──────── Stored data

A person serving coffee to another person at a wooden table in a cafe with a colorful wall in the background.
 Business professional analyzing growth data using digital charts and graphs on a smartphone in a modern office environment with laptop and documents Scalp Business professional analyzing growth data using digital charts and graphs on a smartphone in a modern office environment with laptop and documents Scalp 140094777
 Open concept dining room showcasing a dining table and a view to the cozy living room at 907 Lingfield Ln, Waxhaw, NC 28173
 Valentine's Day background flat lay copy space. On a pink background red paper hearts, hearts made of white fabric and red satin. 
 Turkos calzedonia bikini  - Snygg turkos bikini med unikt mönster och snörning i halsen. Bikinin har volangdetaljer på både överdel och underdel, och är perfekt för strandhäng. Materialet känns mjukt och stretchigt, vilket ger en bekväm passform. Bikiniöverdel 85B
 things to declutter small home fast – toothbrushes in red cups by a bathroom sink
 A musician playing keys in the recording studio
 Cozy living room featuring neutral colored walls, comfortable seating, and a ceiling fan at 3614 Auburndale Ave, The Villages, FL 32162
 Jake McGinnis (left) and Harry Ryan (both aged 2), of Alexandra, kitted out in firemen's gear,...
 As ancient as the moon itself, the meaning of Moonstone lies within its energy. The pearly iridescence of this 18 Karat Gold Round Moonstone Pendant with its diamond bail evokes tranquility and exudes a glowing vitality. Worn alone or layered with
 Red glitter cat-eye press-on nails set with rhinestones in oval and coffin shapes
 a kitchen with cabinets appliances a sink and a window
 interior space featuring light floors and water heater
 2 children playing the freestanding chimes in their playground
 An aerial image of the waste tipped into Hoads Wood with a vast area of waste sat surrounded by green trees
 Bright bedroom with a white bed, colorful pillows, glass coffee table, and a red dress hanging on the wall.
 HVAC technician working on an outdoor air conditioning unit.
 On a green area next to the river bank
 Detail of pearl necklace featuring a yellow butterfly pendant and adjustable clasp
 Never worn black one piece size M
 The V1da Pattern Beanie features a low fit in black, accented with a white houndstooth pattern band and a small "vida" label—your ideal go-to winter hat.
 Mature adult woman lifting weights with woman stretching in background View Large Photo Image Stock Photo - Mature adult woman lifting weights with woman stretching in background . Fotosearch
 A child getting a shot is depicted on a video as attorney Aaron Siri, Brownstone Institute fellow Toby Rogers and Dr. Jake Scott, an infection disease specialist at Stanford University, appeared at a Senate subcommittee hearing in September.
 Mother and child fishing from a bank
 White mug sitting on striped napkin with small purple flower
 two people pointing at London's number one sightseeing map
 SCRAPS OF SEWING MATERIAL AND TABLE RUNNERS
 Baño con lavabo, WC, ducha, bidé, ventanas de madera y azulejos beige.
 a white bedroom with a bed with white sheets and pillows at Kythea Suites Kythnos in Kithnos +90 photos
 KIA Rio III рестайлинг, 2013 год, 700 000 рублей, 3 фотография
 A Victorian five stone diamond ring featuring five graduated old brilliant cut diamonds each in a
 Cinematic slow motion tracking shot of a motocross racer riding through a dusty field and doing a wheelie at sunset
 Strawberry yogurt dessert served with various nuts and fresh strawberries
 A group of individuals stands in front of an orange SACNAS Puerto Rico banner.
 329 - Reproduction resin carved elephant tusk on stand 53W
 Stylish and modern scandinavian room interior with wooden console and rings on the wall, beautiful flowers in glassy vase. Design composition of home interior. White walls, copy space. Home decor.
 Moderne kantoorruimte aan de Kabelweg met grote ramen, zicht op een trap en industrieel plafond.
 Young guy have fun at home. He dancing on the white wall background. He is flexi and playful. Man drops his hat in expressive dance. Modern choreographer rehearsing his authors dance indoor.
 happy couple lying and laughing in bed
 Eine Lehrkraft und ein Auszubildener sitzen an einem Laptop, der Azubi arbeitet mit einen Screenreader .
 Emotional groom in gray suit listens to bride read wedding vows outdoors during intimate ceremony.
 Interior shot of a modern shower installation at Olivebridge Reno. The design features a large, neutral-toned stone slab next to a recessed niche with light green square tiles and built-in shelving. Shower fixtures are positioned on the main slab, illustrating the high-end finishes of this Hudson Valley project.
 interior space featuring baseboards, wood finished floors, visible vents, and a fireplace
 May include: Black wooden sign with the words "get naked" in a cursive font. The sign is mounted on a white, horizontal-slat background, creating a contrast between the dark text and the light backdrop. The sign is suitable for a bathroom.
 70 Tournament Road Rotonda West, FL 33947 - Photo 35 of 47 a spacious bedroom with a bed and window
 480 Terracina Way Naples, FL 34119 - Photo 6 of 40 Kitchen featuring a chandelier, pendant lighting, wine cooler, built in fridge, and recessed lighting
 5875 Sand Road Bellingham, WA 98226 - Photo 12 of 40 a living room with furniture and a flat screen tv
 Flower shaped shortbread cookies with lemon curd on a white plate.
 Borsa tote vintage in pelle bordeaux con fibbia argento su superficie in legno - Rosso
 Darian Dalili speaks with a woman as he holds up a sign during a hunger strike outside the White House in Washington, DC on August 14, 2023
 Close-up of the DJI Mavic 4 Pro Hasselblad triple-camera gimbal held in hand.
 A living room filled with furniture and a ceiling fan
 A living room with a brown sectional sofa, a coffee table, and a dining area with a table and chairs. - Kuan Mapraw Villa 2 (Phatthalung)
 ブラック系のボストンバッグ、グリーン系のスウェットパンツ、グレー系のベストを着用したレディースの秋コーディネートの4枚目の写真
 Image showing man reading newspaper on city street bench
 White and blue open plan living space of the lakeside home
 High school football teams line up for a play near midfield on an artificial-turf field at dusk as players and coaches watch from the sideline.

────────────────

__Activity__.
From the entries above, return exactly the line containing "A Victorian five", the line containing "Emotional groom in", and all lines between, and nothing else.

__Your response__.
 A Victorian five stone diamond ring featuring five graduated old brilliant cut diamonds each in a
 Cinematic slow motion tracking shot of a motocross racer riding through a dusty field and doing a wheelie at sunset
 Strawberry yogurt dessert served with various nuts and fresh strawberries
 A group of individuals stands in front of an orange SACNAS Puerto Rico banner.
 329 - Reproduction resin carved elephant tusk on stand 53W
 Stylish and modern scandinavian room interior with wooden console and rings on the wall, beautiful flowers in glassy vase. Design composition of home interior. White walls, copy space. Home decor.
 Moderne kantoorruimte aan de Kabelweg met grote ramen, zicht op een trap en industrieel plafond.
 Young guy have fun at home. He dancing on the white wall background. He is flexi and playful. Man drops his hat in expressive dance. Modern choreographer rehearsing his authors dance indoor.
 happy couple lying and laughing in bed
 Eine Lehrkraft und ein Auszubildener sitzen an einem Laptop, der Azubi arbeitet mit einen Screenreader .
 Emotional groom in gray suit listens to bride read wedding vows outdoors during intimate ceremony.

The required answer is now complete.